Does the offer of "anything" still work on men these days?
One of the most tempting thing a woman can say to a man is when she says she’s willing to do anything, “anything” for the man and leave it in vague limbo. As popular as this thing seem to sounds like in popular media I’m wondering if it’s actually working in real life if you consider yourself as attractive woman.
Suppose that a woman is in the middle of a one-on-one private interview with a man. Upon checking her documentation he says
Man: “It seems that you don’t meet some of our requirement for the job, Miss”
Lady: “Yes, I know about that, sir, but I’m a hard worker, willing to learn, and I’m someone who is willing to do anything to get the job, sir. Anything (overly-stressed with seductive tone, with her eyes point down and up again, y’know what it means)”
Man: “Anything?”
Lady: “Anything, sir”
Do you think it will be successful in general?

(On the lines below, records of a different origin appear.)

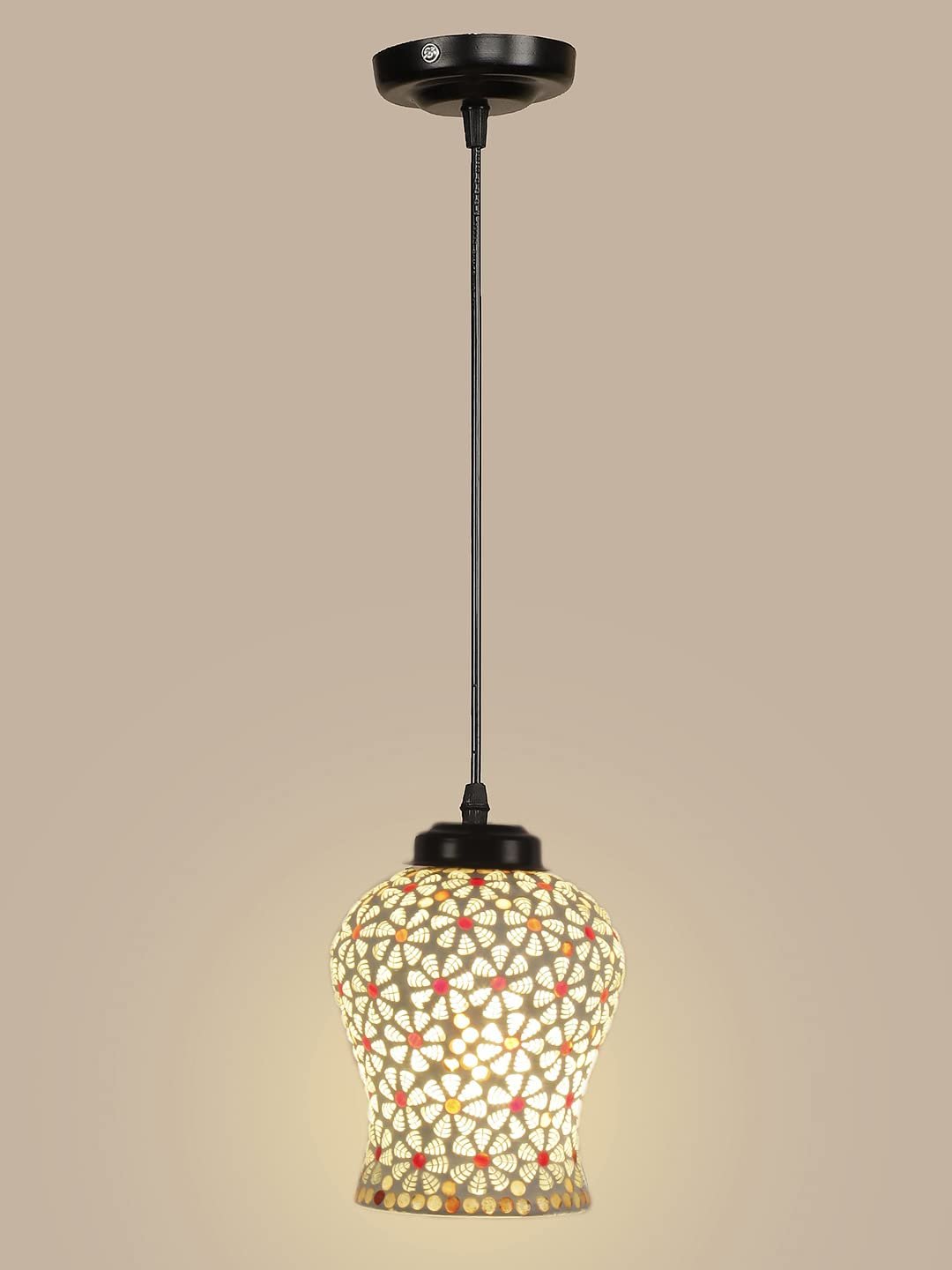 Multicolor Mosaic Glass Hanging Lamp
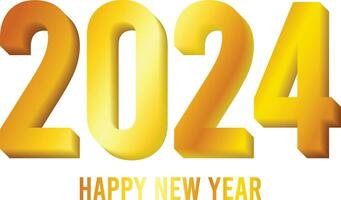 glücklich Neu Jahr 2024 golden 3d Zahlen vektor
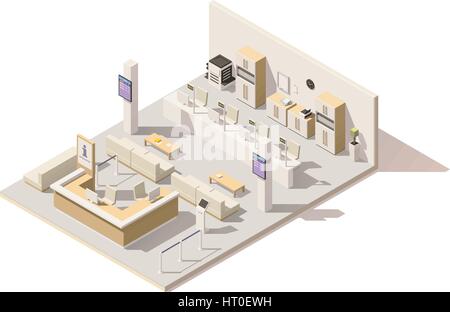 Vector isometric low poly queue management system Stock Vector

Another example when a woman has her car fixed in a private-owned repair shop. She comes to pick her car but realize that she doesn’t have enough money for it.
Mechanic: “You agreed to pay $200 to fix your car”
Lady: “I’m really sorry, sir. I only have $100 with me now, that’s all I have. Can you please make an exception just this once? I’m really short on money at the moment. Please?”
Mechanic: “come back when you have enough money to pay”
Lady: “Wait, sir. I really need my car now. Can you please just make an exception this time? Please?”
Mechanic: “Come back with the money (he’s about to go)”
Lady: “Look, I’ll give you the $100. That’s all I have. For the rest, is there any other way I can pay for it? I’m willing to do anything, sir. Anything, that, you, might, need, help, with, sir (Said word-by-word with obvious intention. she’s wearing rather revealing cloth at the moment)”
Mechanic: “Anything?”
Lady: “Anything”
Is it possible for such a thing to work in real life?
Do you believe that ‘irresistable offering’ can sometimes give you an alternative path to get what you want in general? As unethical as you might think it is do you believe that such a thing is still going to be effective in real life given that you’re a fearless attractive woman? Is it at least worth a try?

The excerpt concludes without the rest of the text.